**Records provided:**

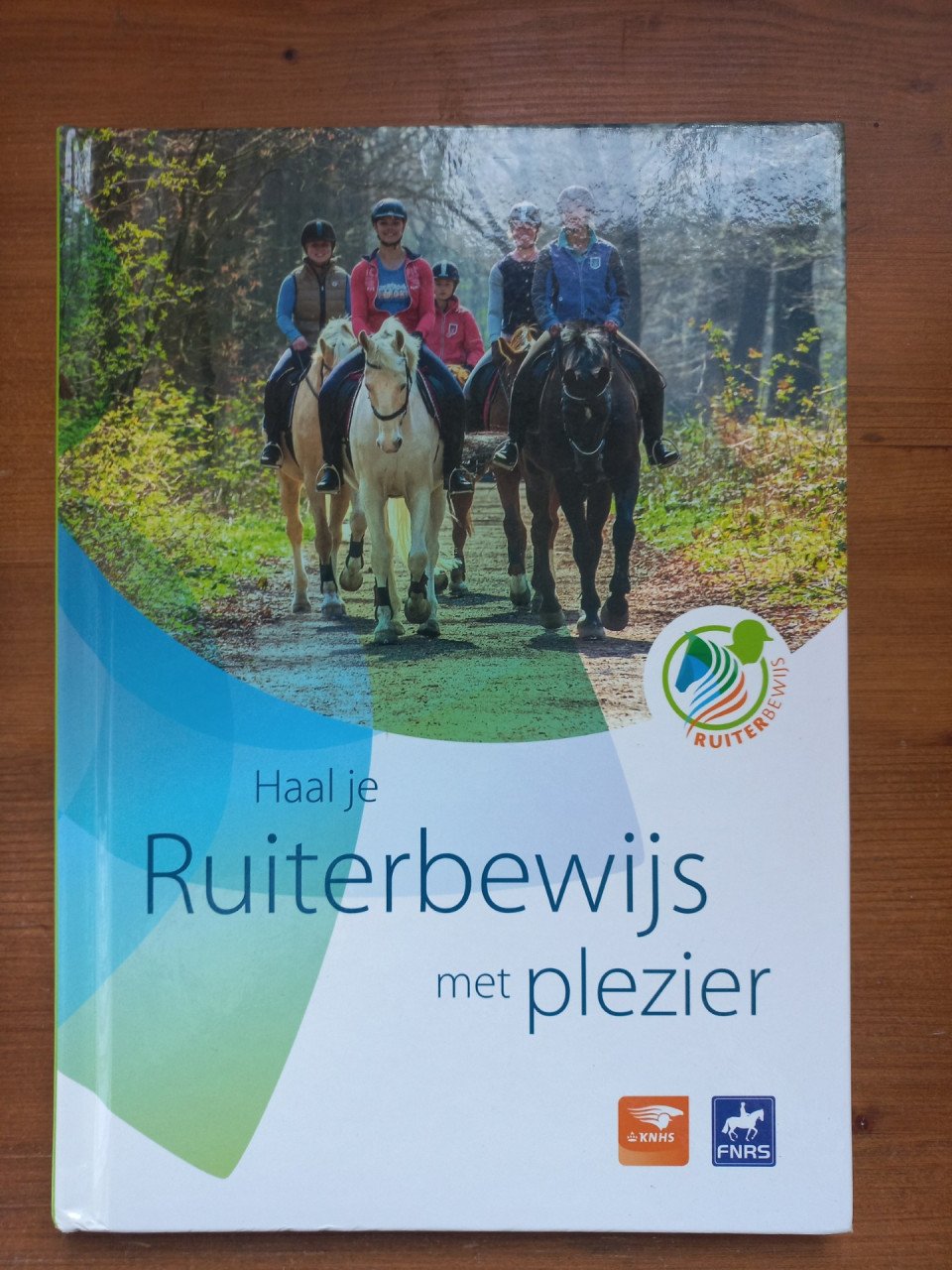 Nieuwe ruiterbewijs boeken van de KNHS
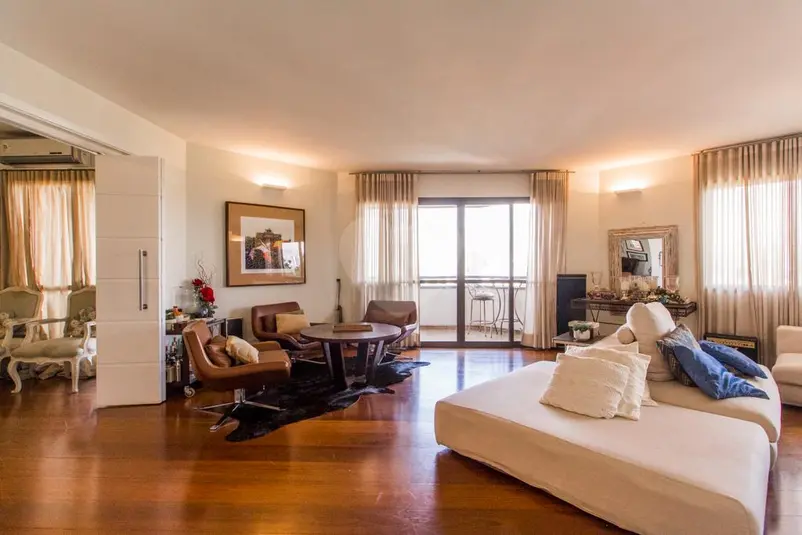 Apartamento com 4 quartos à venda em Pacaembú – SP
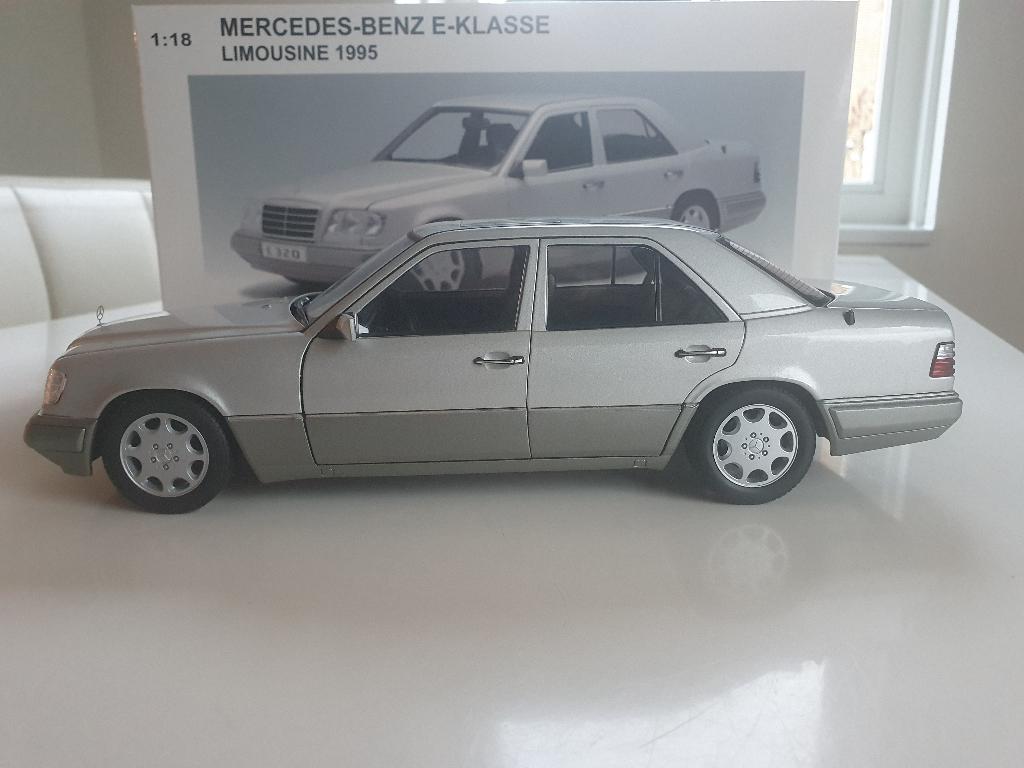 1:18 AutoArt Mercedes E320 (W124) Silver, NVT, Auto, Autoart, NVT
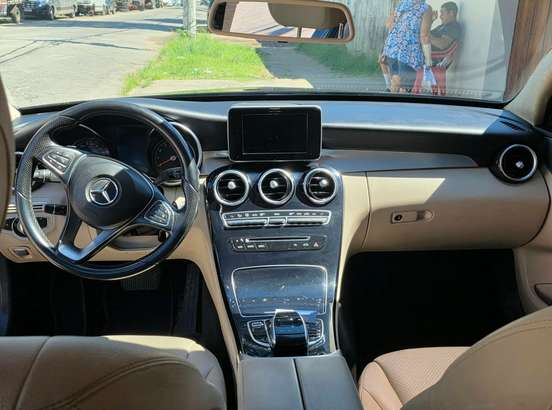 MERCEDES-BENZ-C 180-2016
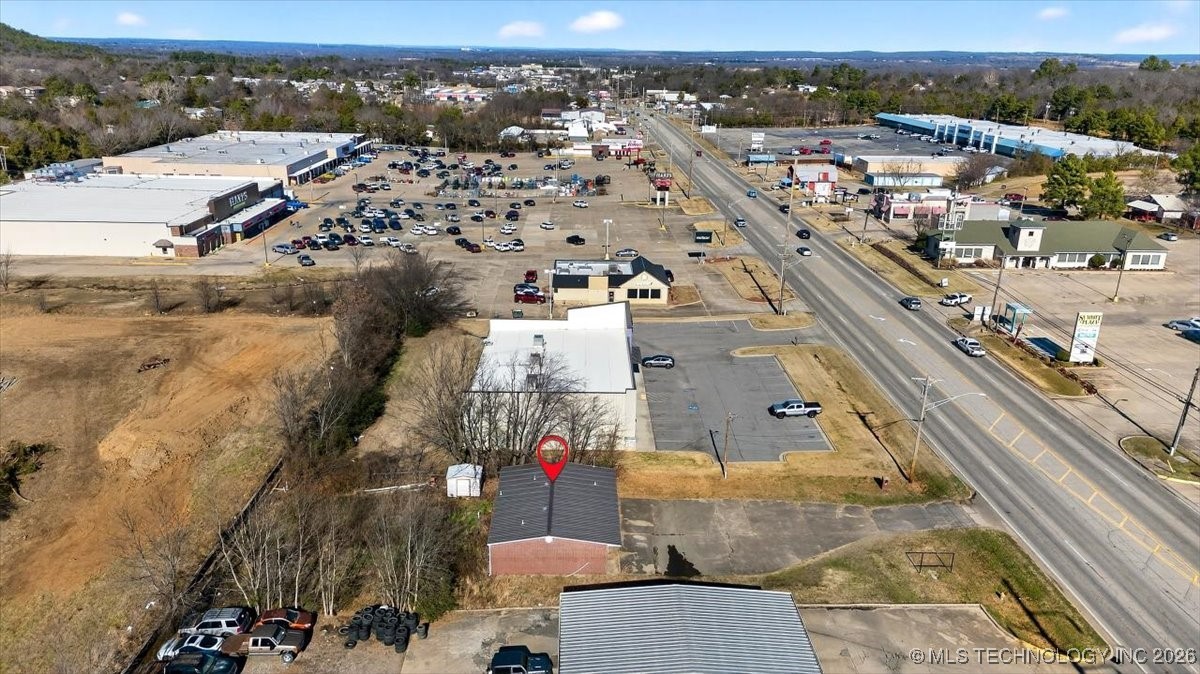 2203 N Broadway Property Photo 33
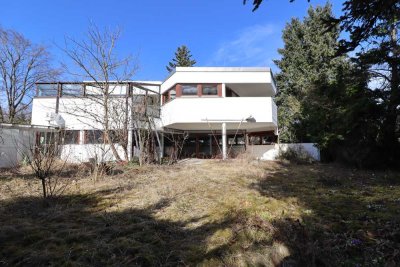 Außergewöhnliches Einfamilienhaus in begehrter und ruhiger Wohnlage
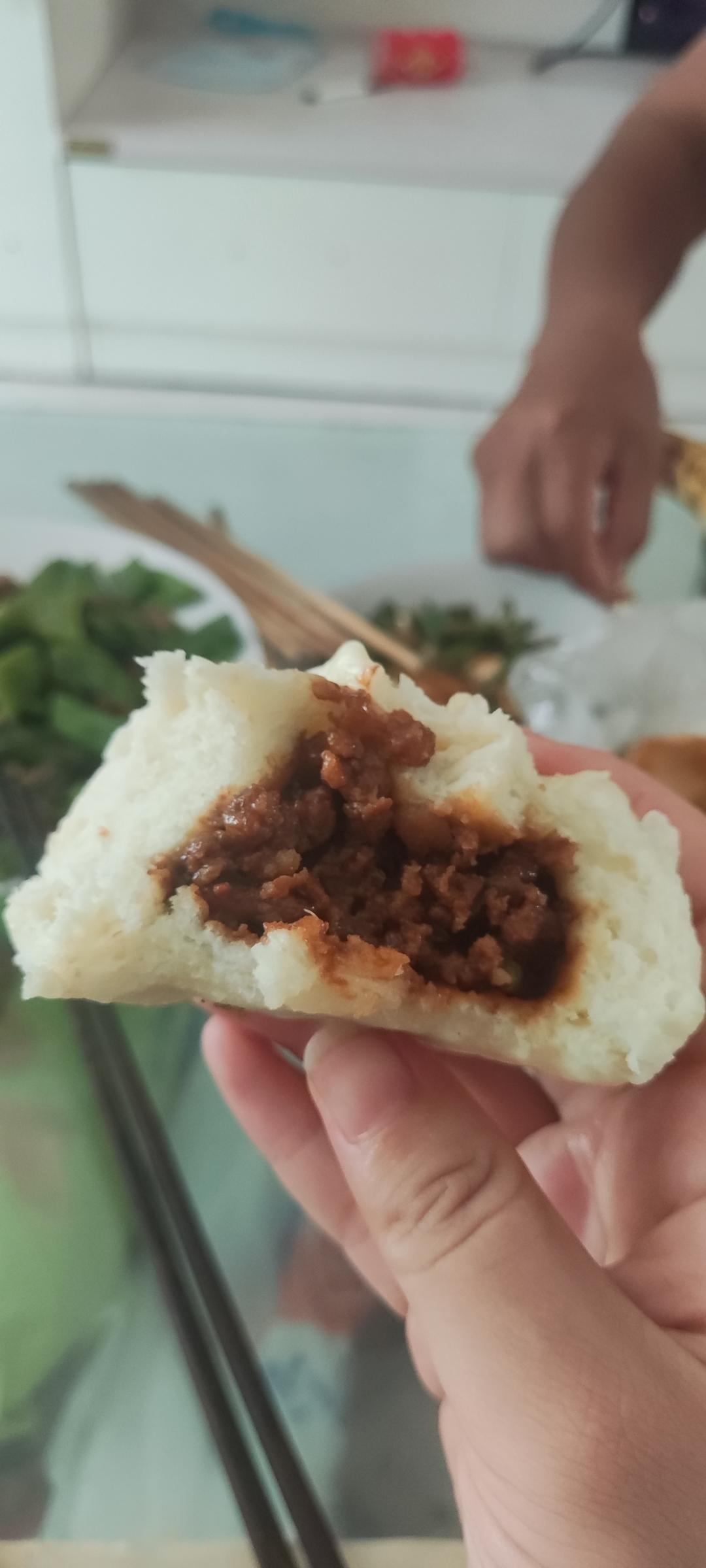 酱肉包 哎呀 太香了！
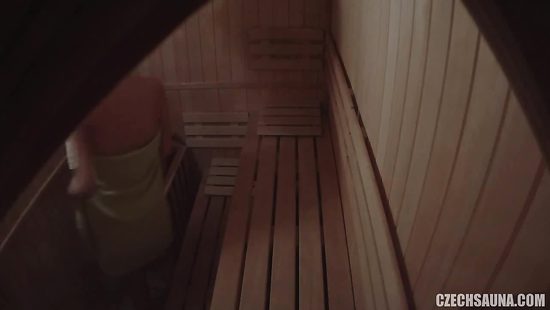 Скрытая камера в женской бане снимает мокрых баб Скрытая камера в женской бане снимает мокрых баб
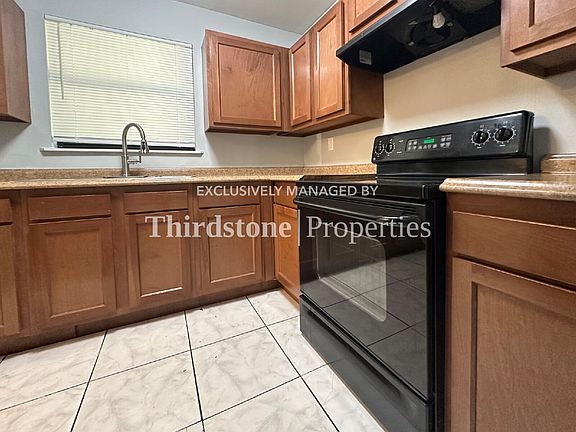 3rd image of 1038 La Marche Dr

**Required action:** The images are to be left out while the entries are written out exactly.

**Expected answer:**
 Nieuwe ruiterbewijs boeken van de KNHS
 Apartamento com 4 quartos à venda em Pacaembú – SP
 1:18 AutoArt Mercedes E320 (W124) Silver, NVT, Auto, Autoart, NVT
 MERCEDES-BENZ-C 180-2016
 2203 N Broadway Property Photo 33
 Außergewöhnliches Einfamilienhaus in begehrter und ruhiger Wohnlage
 酱肉包 哎呀 太香了！
 Скрытая камера в женской бане снимает мокрых баб Скрытая камера в женской бане снимает мокрых баб
 3rd image of 1038 La Marche Dr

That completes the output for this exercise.